*YOUR ASSIGNMENT*
For this exercise, retype each line of the material below verbatim and omit any picture.

*THE DATA*

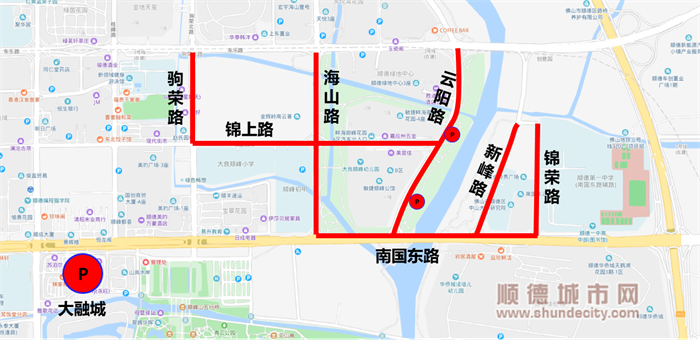 圖片31.png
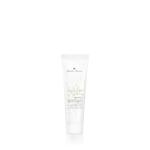 Kräutervital Cleansing Mask Papaya-Medicinal Chalk
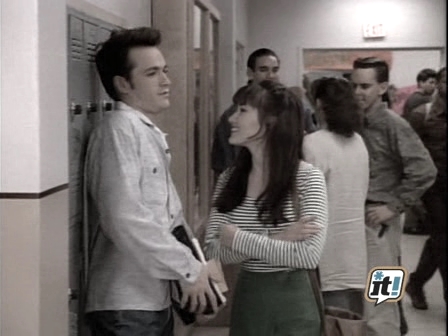 charmed-online_dot_nl-BeverlyHills90210-2x25-0931.jpg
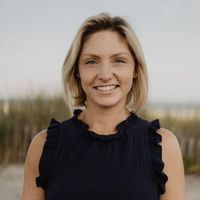 Fotos von Talita Fagerstrom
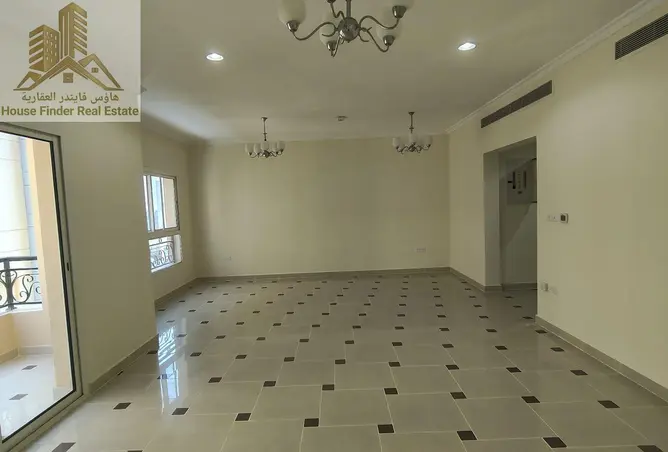 63476041 - Property Image 2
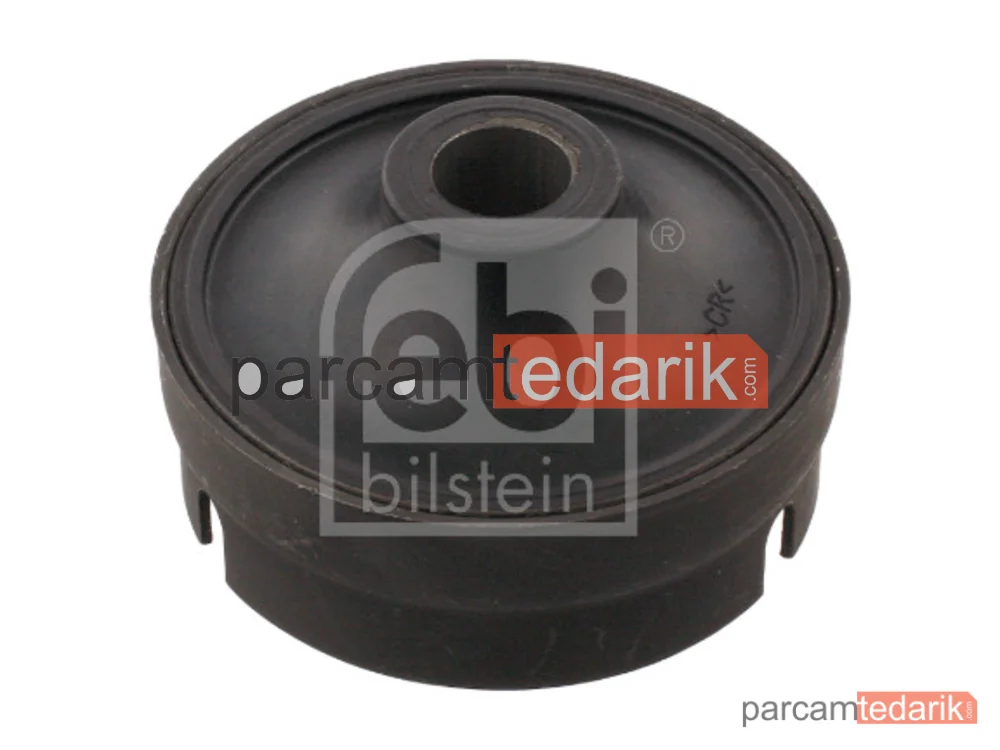 31452 | Alternatör Safti — Ford C-Max, Ford Focus C-Max, Ford Focus I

*WRITTEN SOLUTION*
 圖片31.png
 Kräutervital Cleansing Mask Papaya-Medicinal Chalk
 charmed-online_dot_nl-BeverlyHills90210-2x25-0931.jpg
 Fotos von Talita Fagerstrom
 63476041 - Property Image 2
 31452 | Alternatör Safti — Ford C-Max, Ford Focus C-Max, Ford Focus I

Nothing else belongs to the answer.